A lot of people stick to camping in the summertime, but let’s face it, in the UK, the nights can still be chilly. But if you are brave enough to head out into the wilds during the winter time, then it is likely that you are going to want to remain as cosy as possible in your tent. You could be forgiven for thinking that a tent won’t offer much warmth, and on its own, it probably won’t.
What Is Tent Insulation And Why Is It Important?
Insulating your tent is a matter of keeping heat inside, and if you have ever camped out during winter, you will appreciate how difficult this can be. However, that is certainly not to say that it is impossible.
While there is enough scientific evidence to suggest that humans need to be cool while they sleep, being freezing is another matter entirely. In fact, if you are shivering while sleeping, the chances are that you won’t be getting such a good night’s rest and will likely be lacking in energy in the morning. Nobody wants that when they have a day of camping activities planned.
So, how does tent insulation work?
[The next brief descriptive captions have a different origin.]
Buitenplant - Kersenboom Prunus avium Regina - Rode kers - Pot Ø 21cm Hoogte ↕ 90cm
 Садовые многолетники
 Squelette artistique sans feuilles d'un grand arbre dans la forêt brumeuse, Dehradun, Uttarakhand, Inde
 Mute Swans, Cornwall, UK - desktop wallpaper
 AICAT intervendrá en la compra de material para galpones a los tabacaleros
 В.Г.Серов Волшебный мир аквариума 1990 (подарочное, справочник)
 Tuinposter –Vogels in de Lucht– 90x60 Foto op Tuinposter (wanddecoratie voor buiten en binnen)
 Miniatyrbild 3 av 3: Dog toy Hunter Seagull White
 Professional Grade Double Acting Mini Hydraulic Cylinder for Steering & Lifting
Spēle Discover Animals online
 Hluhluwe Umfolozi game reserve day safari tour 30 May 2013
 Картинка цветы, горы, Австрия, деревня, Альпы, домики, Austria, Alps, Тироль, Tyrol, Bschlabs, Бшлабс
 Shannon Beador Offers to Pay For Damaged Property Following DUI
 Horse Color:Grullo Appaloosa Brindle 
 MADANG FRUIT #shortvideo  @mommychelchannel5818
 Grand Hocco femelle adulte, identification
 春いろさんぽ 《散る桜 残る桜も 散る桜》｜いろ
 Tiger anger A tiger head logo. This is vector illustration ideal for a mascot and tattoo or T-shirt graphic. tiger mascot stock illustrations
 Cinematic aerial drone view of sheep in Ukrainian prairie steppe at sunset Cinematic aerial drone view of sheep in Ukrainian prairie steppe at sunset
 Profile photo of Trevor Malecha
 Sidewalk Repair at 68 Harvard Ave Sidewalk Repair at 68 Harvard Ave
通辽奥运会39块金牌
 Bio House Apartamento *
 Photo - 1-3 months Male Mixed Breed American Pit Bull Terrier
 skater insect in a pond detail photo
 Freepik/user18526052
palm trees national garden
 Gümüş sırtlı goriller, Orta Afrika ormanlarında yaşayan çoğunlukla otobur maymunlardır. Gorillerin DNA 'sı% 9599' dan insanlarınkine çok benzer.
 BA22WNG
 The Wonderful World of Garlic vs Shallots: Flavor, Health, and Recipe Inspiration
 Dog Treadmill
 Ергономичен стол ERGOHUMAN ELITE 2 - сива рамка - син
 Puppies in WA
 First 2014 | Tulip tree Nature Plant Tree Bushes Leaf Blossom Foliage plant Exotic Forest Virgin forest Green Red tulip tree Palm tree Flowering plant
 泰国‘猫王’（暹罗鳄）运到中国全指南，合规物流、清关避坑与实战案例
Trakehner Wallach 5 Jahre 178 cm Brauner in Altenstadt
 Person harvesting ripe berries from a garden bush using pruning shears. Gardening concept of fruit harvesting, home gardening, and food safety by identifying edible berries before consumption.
Simple. A barrier must be created that will stop heat transferring from one material to another, essentially, your tent will need to trap heat inside. There are many great ways of heating your tent, in fact, we have written an entire heating a tent guide on this which is an excellent place to get started. We even wrote an article asking Can A Candle Warm a Tent?
But once you have warmed your tent and are ready to settle down for the night, you will find that, in the coldest climates, that heat will quickly escape and you will wake to find yourself uncomfortable cold.
With this in mind, it is imperative to find the correct materials for heating your tent. Using just anything might not have the desired results. While it may seem counterintuitive when you first think about it, dense materials won’t provide you with the best insulation. You could think that these would stop heat escaping but they prevent one important factor that insulation cannot work without - ventilation.
If you want to insulate your tent, it is critical that there is a decent level of airflow. You could be forgiven for thinking that this will simply move the hot air out of the tent but it won’t. As air moves around the tent, it will get trapped in the small recesses of less dense material meaning that it won’t escape as easily.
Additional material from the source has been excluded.